**The task**
From the entries that follow, copy exactly the lines beginning at the line holding "一位年轻漂亮的白种人潮女的特" and continuing through the line holding "Calculadora azul, lápis".

**Material for the task**
==============================

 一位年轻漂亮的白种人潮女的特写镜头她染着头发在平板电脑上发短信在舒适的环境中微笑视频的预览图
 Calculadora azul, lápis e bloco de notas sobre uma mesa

==============================

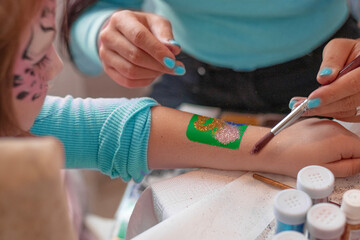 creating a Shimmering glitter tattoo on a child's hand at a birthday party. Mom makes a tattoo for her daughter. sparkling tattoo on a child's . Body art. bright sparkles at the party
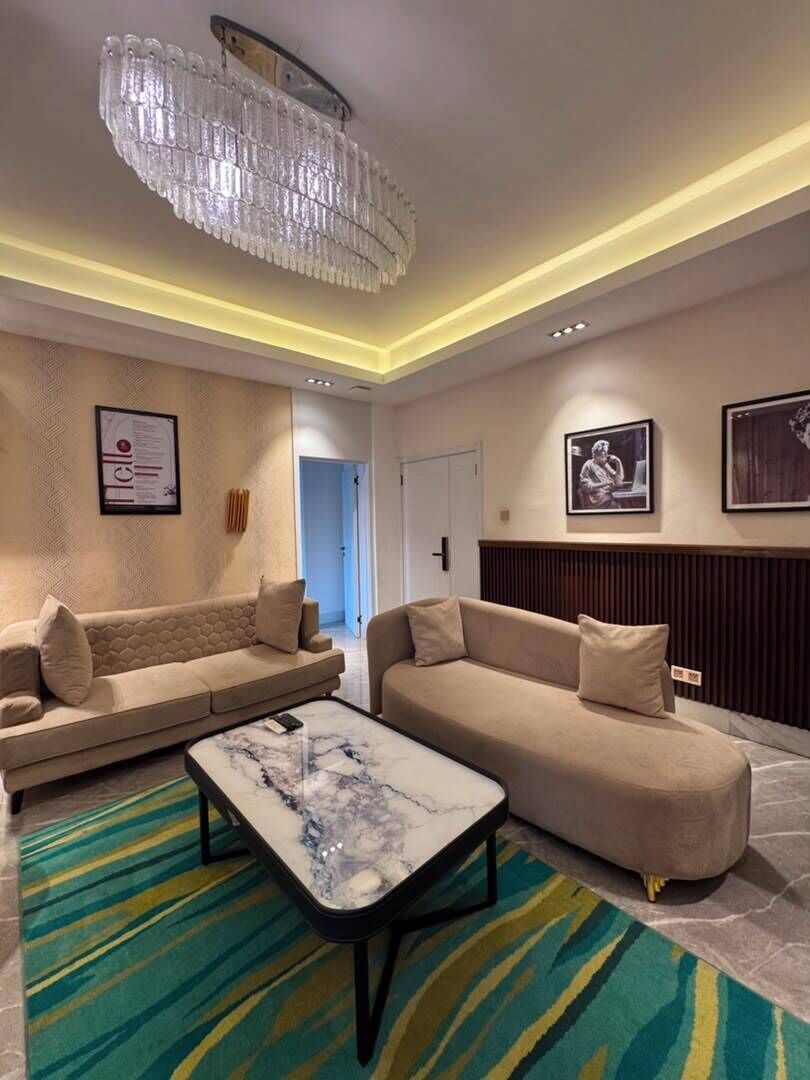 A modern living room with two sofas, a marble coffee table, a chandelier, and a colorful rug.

==============================

**Solution for this exercise**
 一位年轻漂亮的白种人潮女的特写镜头她染着头发在平板电脑上发短信在舒适的环境中微笑视频的预览图
 Calculadora azul, lápis e bloco de notas sobre uma mesa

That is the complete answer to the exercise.